Neural Collapse Under MSE Loss: Proximity to and Dynamics on the Central Path
X. Y. Han, Vardan Papyan, David L. Donoho
TL;DR
This paper shows that Neural Collapse (NC) is not limited to cross-entropy loss by establishing NC phenomena under mean squared error (MSE) loss. It introduces a decomposed MSE loss, identifies a central path where the last-layer classifier acts as the least-squares classifier, and proves invariance properties with renormalized features. By analyzing continually renormalized gradient flow on the renormalized feature manifold, it derives exact dynamics for the Signal-to-Noise Ratio (SNR) matrix that drive NC, including a closed-form relation c1 log(ωj) + c2 ωj^2 + c3 ωj^4 = a_j + t for each nonzero singular value ωj.

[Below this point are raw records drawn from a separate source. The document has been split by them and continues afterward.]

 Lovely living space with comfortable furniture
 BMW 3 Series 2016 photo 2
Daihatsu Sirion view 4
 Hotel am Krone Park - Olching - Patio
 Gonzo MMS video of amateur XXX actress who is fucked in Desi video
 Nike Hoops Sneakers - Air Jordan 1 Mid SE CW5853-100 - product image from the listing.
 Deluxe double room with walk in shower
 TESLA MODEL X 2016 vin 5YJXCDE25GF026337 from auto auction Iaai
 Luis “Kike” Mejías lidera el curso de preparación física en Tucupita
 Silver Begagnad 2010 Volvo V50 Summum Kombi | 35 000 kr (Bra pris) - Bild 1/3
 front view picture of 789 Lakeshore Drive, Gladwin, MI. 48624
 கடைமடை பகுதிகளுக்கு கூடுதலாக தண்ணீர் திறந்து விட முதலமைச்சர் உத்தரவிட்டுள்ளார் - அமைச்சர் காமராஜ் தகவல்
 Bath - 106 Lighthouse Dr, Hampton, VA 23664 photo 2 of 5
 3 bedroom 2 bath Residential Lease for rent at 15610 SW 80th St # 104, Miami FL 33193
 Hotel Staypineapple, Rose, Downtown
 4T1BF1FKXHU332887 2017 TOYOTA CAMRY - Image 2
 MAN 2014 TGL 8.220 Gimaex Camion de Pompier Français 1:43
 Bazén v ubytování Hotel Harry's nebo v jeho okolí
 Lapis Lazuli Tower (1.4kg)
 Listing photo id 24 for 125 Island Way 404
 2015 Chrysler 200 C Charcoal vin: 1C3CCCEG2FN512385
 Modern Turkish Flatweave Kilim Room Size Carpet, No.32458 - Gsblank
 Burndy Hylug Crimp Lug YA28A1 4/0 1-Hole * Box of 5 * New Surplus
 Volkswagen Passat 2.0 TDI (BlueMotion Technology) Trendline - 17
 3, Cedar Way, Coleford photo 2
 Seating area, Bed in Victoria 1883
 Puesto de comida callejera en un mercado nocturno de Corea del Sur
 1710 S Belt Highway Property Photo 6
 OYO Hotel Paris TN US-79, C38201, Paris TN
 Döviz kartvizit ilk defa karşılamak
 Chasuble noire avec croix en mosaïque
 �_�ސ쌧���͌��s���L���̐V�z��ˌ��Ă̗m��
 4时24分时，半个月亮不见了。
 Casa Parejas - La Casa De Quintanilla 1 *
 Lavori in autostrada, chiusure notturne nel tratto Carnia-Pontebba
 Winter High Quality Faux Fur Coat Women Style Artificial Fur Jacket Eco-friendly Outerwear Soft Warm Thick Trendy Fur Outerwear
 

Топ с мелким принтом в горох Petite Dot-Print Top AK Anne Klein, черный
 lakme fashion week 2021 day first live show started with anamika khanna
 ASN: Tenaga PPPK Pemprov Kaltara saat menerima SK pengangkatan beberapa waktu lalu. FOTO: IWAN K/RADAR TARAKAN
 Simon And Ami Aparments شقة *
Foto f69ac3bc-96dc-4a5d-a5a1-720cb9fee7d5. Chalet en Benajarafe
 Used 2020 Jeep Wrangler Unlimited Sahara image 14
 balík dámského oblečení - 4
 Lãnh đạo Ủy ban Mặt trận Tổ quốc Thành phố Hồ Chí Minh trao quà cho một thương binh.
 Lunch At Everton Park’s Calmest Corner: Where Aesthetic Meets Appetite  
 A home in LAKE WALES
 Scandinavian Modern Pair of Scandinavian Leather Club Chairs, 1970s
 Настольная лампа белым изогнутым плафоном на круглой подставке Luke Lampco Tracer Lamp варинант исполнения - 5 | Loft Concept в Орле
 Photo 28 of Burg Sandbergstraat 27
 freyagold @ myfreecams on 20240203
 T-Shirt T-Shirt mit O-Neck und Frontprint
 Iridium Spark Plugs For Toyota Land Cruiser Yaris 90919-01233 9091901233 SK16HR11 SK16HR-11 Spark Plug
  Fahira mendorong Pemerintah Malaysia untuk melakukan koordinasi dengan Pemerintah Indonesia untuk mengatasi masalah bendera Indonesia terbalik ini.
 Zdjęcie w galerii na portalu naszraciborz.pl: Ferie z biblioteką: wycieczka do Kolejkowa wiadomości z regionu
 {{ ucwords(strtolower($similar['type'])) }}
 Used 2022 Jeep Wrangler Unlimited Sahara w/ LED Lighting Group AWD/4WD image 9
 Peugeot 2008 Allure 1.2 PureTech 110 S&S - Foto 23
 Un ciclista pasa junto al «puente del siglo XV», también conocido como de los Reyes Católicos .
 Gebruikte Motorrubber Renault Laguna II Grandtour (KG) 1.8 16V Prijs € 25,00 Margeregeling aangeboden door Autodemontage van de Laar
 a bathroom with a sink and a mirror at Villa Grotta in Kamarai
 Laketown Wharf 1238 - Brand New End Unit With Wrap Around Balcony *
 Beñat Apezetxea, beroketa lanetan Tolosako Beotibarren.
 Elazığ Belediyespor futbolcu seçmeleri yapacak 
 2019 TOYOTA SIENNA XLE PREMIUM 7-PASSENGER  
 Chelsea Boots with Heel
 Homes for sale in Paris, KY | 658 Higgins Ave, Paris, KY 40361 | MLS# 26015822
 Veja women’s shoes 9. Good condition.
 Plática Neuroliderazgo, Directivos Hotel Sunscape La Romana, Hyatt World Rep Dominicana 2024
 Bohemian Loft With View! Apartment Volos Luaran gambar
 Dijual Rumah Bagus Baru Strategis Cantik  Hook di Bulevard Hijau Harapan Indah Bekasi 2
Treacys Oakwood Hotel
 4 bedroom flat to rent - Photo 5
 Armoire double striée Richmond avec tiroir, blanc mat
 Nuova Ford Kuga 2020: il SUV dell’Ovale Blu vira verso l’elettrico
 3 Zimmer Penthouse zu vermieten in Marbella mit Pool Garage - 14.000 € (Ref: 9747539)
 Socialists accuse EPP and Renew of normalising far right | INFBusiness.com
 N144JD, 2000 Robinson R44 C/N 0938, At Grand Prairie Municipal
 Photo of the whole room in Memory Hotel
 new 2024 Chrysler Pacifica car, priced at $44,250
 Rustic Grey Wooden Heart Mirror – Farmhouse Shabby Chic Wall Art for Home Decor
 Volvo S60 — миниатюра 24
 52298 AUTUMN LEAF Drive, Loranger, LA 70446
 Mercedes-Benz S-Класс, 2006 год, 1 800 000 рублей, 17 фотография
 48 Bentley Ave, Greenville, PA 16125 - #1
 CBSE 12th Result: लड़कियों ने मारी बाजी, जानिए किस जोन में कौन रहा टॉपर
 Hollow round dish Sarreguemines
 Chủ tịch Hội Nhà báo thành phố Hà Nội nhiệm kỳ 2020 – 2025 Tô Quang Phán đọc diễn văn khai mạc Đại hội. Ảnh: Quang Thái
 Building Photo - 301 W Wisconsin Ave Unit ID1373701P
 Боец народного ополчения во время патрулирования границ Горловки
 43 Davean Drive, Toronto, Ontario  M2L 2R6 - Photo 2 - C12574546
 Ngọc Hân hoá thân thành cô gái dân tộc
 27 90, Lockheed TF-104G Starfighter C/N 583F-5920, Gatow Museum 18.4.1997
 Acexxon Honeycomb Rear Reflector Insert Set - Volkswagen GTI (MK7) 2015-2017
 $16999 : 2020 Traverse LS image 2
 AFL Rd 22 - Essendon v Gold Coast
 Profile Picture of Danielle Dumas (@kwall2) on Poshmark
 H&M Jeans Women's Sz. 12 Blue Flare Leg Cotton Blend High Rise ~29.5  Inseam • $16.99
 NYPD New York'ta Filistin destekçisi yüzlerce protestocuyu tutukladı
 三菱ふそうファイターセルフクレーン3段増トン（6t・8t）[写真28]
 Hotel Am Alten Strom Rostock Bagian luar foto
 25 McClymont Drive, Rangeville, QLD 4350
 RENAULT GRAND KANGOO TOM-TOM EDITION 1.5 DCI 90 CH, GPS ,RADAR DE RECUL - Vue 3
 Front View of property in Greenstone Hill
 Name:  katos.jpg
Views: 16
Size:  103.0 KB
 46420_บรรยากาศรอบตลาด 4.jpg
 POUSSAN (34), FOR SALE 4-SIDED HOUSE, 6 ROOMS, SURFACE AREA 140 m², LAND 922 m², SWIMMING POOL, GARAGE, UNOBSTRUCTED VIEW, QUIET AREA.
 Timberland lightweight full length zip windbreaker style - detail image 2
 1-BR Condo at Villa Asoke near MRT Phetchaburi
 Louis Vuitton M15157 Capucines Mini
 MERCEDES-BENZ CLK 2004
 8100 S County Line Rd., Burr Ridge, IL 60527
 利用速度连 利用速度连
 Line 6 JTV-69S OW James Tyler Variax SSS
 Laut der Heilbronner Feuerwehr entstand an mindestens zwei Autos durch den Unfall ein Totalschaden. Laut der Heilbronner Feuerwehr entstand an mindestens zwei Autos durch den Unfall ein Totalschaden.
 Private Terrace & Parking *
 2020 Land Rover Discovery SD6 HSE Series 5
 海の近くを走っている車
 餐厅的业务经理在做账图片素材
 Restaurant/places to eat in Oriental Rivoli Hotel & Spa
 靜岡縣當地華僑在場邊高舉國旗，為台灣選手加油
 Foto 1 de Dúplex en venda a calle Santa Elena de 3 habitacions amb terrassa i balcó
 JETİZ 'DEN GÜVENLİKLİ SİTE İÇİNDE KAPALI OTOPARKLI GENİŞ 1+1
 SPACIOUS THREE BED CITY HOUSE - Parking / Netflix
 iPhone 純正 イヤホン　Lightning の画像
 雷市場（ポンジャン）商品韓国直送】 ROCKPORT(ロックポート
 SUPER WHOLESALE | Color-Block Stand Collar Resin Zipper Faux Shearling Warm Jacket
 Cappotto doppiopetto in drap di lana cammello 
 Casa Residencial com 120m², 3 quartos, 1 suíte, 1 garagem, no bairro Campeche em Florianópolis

The results show that as training progresses, the SNR singular values diverge and equalize, causing the class-means and classifiers to align with a Simplex ETF and leading to NC (NC1–NC4), thereby providing a rigorous, tractable theory for NC under MSE and offering insights into training dynamics beyond CE loss.
Abstract
The recently discovered Neural Collapse (NC) phenomenon occurs pervasively in today's deep net training paradigm of driving cross-entropy (CE) loss towards zero. During NC, last-layer features collapse to their class-means, both classifiers and class-means collapse to the same Simplex Equiangular Tight Frame, and classifier behavior collapses to the nearest-class-mean decision rule. Recent works demonstrated that deep nets trained with mean squared error (MSE) loss perform comparably to those trained with CE. As a preliminary, we empirically establish that NC emerges in such MSE-trained deep nets as well through experiments on three canonical networks and five benchmark datasets. We provide, in a Google Colab notebook, PyTorch code for reproducing MSE-NC and CE-NC: at https://colab.research.google.com/github/neuralcollapse/neuralcollapse/blob/main/neuralcollapse.ipynb. The analytically-tractable MSE loss offers more mathematical opportunities than the hard-to-analyze CE loss, inspiring us to leverage MSE loss towards the theoretical investigation of NC. We develop three main contributions: (I) We show a new decomposition of the MSE loss into (A) terms directly interpretable through the lens of NC and which assume the last-layer classifier is exactly the least-squares classifier; and (B) a term capturing the deviation from this least-squares classifier. (II) We exhibit experiments on canonical datasets and networks demonstrating that term-(B) is negligible during training. This motivates us to introduce a new theoretical construct: the central path, where the linear classifier stays MSE-optimal for feature activations throughout the dynamics. (III) By studying renormalized gradient flow along the central path, we derive exact dynamics that predict NC.